A política, porém, na qual o povo governa não
segundo a lei, mas segundo a sentença, não é propriamente
política, mas estado popular. O motivo é que, onde as leis
não governam, não há política, porque é necessário que na
política a lei governe em tudo. O principado deve julgar a
política nos casos singulares. Onde as leis provêem, deverão
julgar segundo as leis, onde as leis não proverem, o
magistrado deve suprir e decidir. Por isso, onde há política,
as leis devem governar. Mas no estado popular que está sendo
descrito governa a sentença popular e não a lei. Por esse
motivo este estado popular não é política propriamente dita.

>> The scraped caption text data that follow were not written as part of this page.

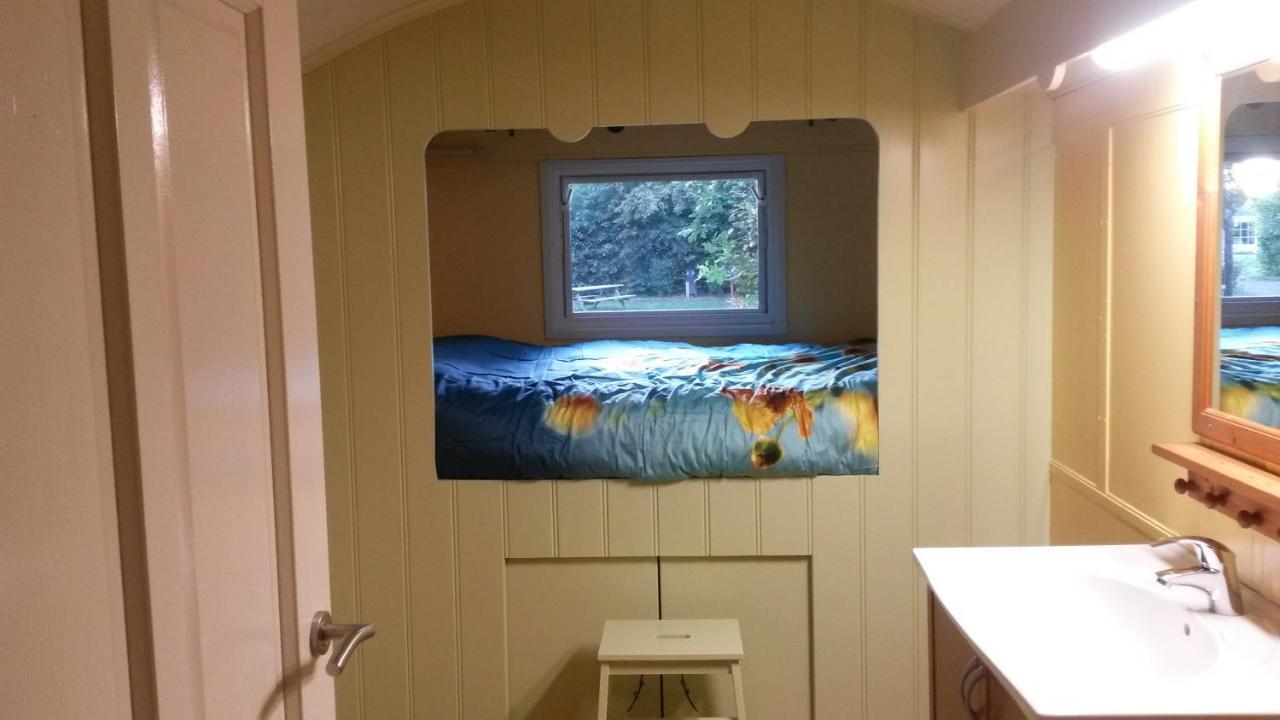 Someren Pipowagen Camping Puur Genieten Bed & Breakfast エクステリア 写真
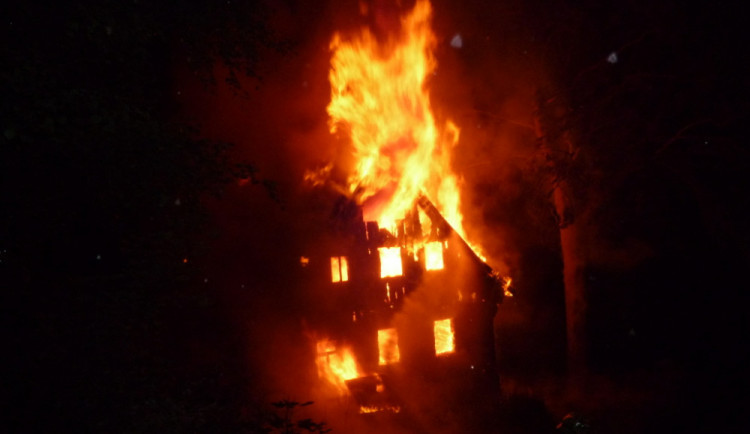 Chalupa v plamenech.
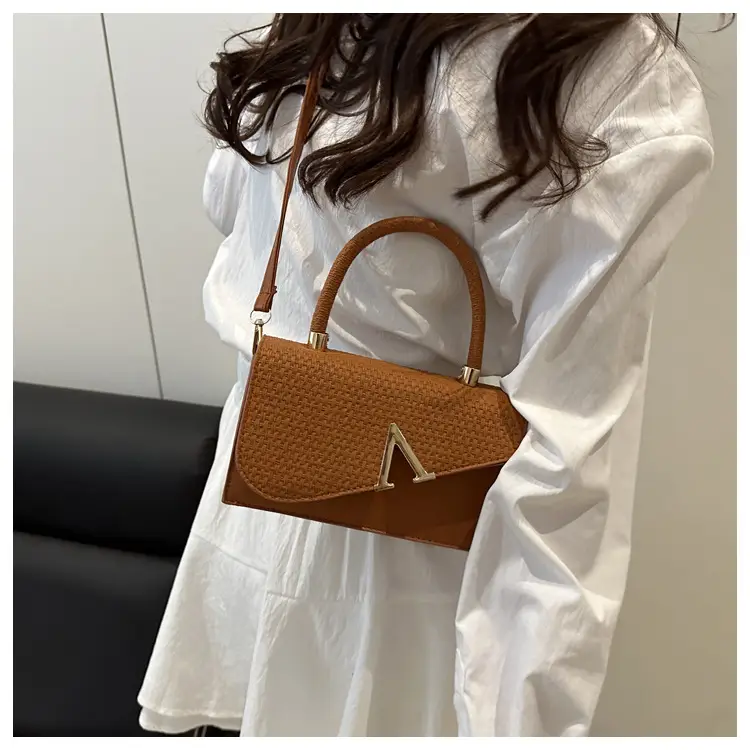 2025 New Shiny V-Clutch Women's Evening Bag — feature 15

Alguém poderia objetar a afirmação do Filósofo
quando diz que onde as leis não prevalecem não há república,
já que o Filósofo afirma que a monarquia real é política,
embora não seja um principado segundo a lei, mas segundo a
vontade e a razão do governante.
Pode-se responder brevemente a esta objeção
dizendo que em toda política reta o governante rege segundo
as leis, porque em toda política alguém governa segundo
alguma regra, à qual chamamos de lei. Em algumas políticas,
entretanto, esta regra é interior e existente na vontade e na
razão, enquanto que em outras é exterior e escrita. Na
monarquia real o monarca possui a regra [gravada] em sua
vontade e em sua razão. Na política poliárquica, [em que há
vários governantes], ela é externamente [gravada] por
escrito. É, portanto, correto dizer que onde há política ali
há um principado segundo a lei, pois esta pode ser intrínseca
ou escrita.
O estado popular em que o povo governa por meio de
sentenças e não segundo a lei também não é propriamente
popular. Porque o estado popular é também uma certa política,
mas o estado popular em que as sentenças e não as leis
governam não é política, porque a política é segundo a lei,
que diz respeito ao universal, enquanto que as sentenças são
de particulares, e não de universais. Portanto, é manifesto
que tal estado popular não é propriamente popular.